Liberal money talks. Really loud. Conservative money, well....it's a bit quieter. And misogynistic, which we all know is unacceptable. Unacceptable I tell ya. Especially if you're a fat guy with an addiction problem who happens to be conservative.
Well, two out of three ain't bad. But you won't be catching me calling any woman a...well....pick your pejorative. I won't use 'em.
Unless I think they're funny and will cause my readership to increase.
I mean it's not like you can force my sponsors to pull their ads. Unless you'd like to find me some advertisers. There must be some companies out there who'd be proud to sponsor the Chronicle.

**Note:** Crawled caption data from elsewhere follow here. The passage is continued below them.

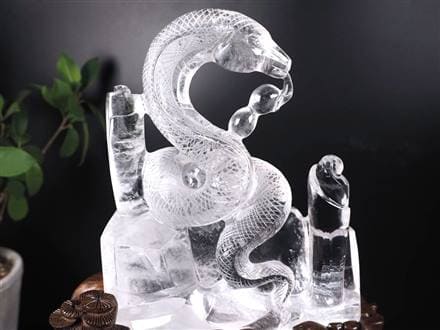 水晶、白蛇置物木彫り 水晶、白蛇置物木彫り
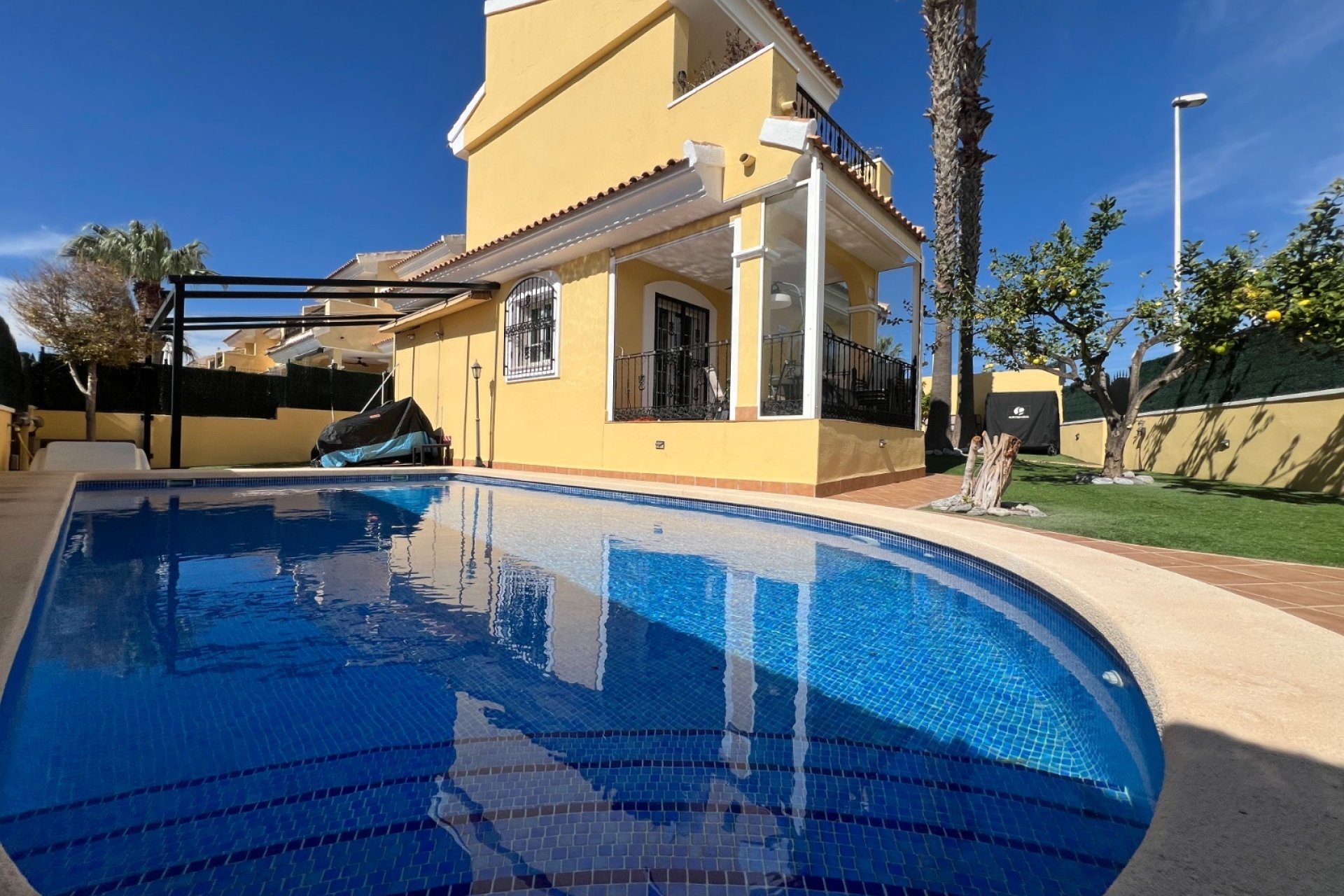 Reventa - Villa - Orihuela Costa - Los Dolses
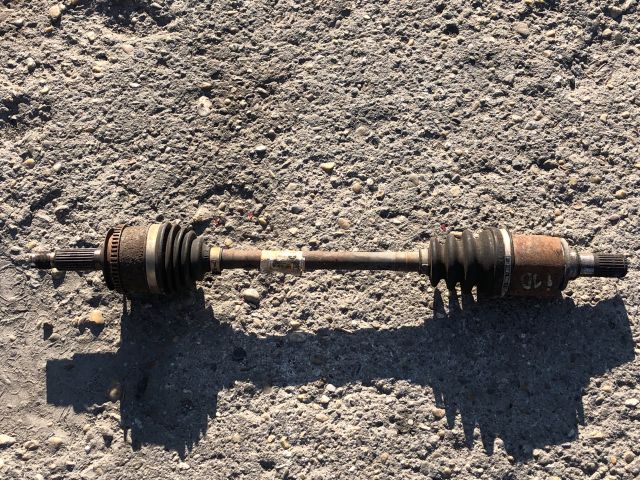 bontott HYUNDAI i10 Bal Féltengely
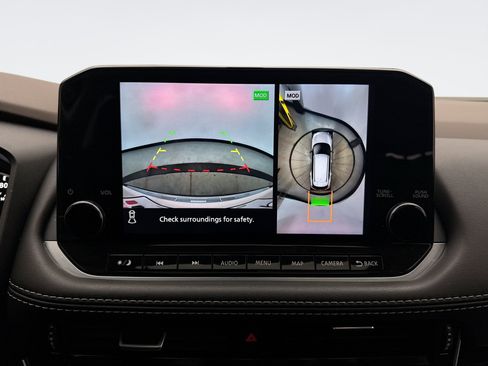 Used 2023 Nissan Rogue SL w/ SL Premium Package image 15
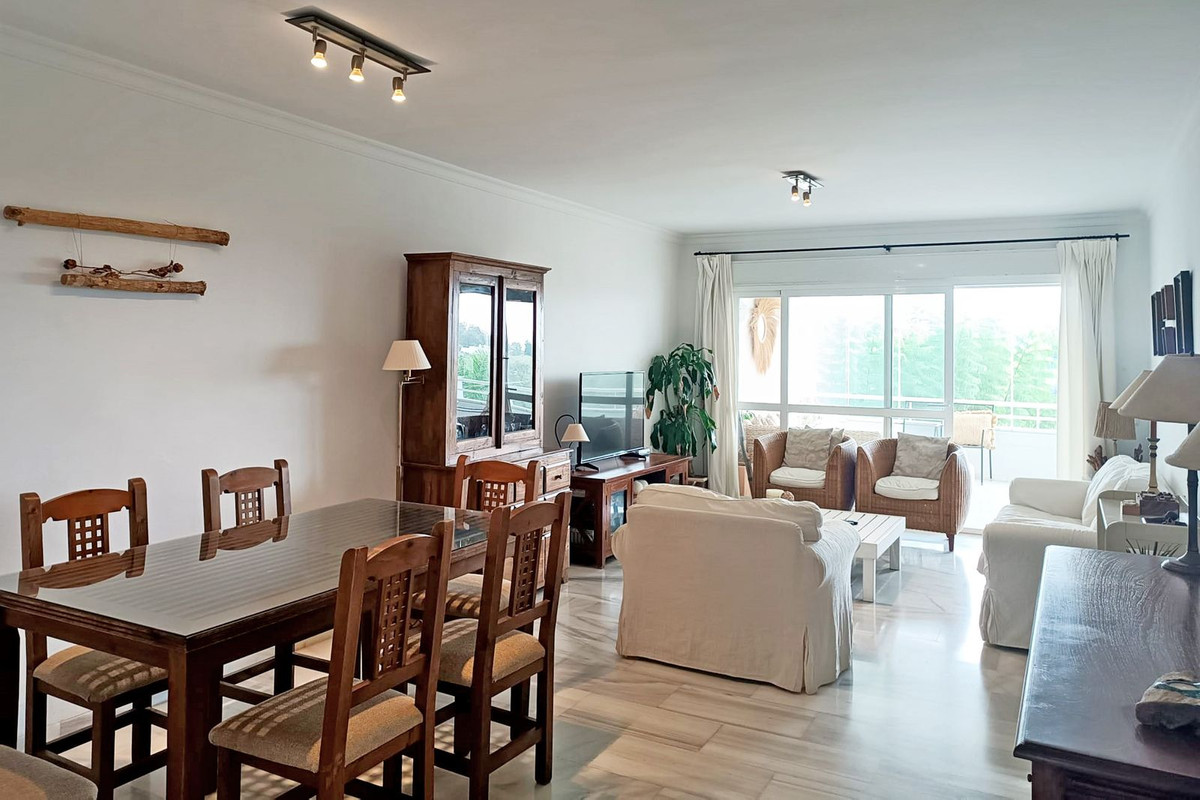 3 Bedroom Apartment in San Pedro de Alcántara - Photo 3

I just hope they do it soon or the only ads I run are likely to be for Depends®.
There's still a chance I could interest Smirnoff® in buying some space here. They've certainly taken up enough space in my liver. Don't misunderstand, I am not an alcoholic. I just happen to like martinis now and then. Well, not now, I mean it's 1:17 in the morning and I'm sleepy. But then, now that's a different story entirely. Smirnoff®, Gordon's® and I have had many great thens. With luck, we'll have a few more before my organs pack up and move out.
My organs and I have had some good times too, but I fear I may have given them the wrong idea some years ago, the idea they could head for the great outdoors whenever they wished. It all started that day in July '76 when I vented my spleen.
It was so hot I was actually sweating internally, and I naturally figured a little venting might do me good. Unfortunately my spleen saw a big beautiful world through the vents and has been actively trying to escape ever since.
I heard a rumor my organs were planning a breakout last December, but it never happened. My heart wasn't in it.